The result should be every line in the data below that carries the string "area".

[Dataset records]
══════════
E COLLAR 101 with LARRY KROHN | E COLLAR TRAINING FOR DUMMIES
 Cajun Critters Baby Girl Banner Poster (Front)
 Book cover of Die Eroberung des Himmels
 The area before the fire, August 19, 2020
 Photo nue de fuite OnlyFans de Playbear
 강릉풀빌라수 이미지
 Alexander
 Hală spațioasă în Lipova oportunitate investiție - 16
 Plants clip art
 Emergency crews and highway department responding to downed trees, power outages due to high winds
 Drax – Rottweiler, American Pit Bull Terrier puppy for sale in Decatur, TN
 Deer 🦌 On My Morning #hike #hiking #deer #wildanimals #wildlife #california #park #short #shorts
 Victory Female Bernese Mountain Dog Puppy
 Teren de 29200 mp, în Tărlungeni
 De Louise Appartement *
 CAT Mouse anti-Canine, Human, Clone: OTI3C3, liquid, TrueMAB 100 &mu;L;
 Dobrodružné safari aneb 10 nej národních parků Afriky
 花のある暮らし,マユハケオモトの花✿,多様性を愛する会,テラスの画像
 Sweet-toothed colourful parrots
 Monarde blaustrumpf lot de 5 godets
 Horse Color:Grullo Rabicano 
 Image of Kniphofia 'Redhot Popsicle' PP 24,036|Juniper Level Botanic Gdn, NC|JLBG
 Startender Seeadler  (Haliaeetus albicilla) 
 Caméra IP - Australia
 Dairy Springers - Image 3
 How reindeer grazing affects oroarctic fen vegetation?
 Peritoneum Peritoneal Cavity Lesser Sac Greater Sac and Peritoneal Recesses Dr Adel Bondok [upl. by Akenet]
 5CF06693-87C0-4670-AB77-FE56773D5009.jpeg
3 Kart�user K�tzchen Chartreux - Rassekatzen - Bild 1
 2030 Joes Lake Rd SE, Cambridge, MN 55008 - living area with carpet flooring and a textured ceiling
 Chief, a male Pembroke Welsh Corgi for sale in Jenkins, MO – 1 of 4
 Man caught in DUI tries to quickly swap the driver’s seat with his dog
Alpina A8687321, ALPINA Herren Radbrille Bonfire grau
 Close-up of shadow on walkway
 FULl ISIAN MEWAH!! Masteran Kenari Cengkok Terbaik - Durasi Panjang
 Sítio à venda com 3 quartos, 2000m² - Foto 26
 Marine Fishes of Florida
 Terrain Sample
══════════
— RESPONSE FOR THIS EXERCISE —
 The area before the fire, August 19, 2020
 2030 Joes Lake Rd SE, Cambridge, MN 55008 - living area with carpet flooring and a textured ceiling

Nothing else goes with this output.